Wie würdest du deinen Stil beschreiben und was inspiriert dich dazu?

Realistische Bühnen zu kreieren, ist nicht so meins. Es geht mir vielmehr darum, die Subebenen mitzudenken, Atmosphäre und Emotionalität zu kreieren. Das gelingt mir durch Materialität der Bühne und dem Spiel mit Kubaturen, Farben, Konstruktionen und natürlich Funktionen. Ob Fadenvorhänge, Schleier und Folien, welche transparente und opake, feste Räume bilden, moderne Kuben, mit Teppich belegte riesige Treppen oder Metallkonstruktionen – bei meinen Gestaltungen kann jede:r Zuschauende seine oder ihre eigene, individuelle Bedeutung herausfiltern. Meinen Stil würde ich als konkret bezeichnen. Eine Kunstform, die im Vergleich zum Abstrakten keine symbolische Bedeutung beinhaltet und aus dem Zusammenspiel von Farbe und Form erwächst.

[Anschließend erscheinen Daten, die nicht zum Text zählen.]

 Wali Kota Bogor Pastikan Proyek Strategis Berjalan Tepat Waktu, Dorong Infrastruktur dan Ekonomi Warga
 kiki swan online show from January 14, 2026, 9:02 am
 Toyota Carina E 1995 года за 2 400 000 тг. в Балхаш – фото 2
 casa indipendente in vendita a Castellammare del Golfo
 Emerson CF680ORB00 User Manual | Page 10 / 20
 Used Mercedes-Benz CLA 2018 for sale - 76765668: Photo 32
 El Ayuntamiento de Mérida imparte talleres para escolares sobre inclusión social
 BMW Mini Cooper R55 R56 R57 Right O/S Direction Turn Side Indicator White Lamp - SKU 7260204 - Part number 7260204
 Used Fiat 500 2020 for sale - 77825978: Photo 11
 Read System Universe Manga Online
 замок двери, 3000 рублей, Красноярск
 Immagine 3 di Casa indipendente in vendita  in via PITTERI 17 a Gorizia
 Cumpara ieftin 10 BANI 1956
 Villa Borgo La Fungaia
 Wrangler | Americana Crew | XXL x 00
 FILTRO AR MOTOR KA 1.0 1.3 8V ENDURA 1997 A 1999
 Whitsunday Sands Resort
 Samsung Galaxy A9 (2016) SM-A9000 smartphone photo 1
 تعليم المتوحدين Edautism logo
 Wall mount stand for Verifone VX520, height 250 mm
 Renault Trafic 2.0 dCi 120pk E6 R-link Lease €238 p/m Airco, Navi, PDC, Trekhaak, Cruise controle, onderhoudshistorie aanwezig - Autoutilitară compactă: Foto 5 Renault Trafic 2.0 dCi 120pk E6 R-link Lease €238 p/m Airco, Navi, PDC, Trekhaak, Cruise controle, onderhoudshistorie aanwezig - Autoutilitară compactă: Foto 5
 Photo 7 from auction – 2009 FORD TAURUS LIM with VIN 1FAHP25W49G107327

Zu meinen Projekten inspirieren mich vor allem Beispiele aus der bildenden Kunst, Installationen, aber auch die Arbeiten von Lichtkünstler:innen. Neben dem Besuch von Ausstellungen, wie das Neue Museum in Weimar, oder meine ganz persönliche Empfehlung: Das Kunstmuseum in Liechtenstein, verwende ich auch gerne digitale Inspirationsquellen, wie Pinterest, Google und Instagram.

Welche Projekte würdest du gerne in Zukunft noch umsetzen?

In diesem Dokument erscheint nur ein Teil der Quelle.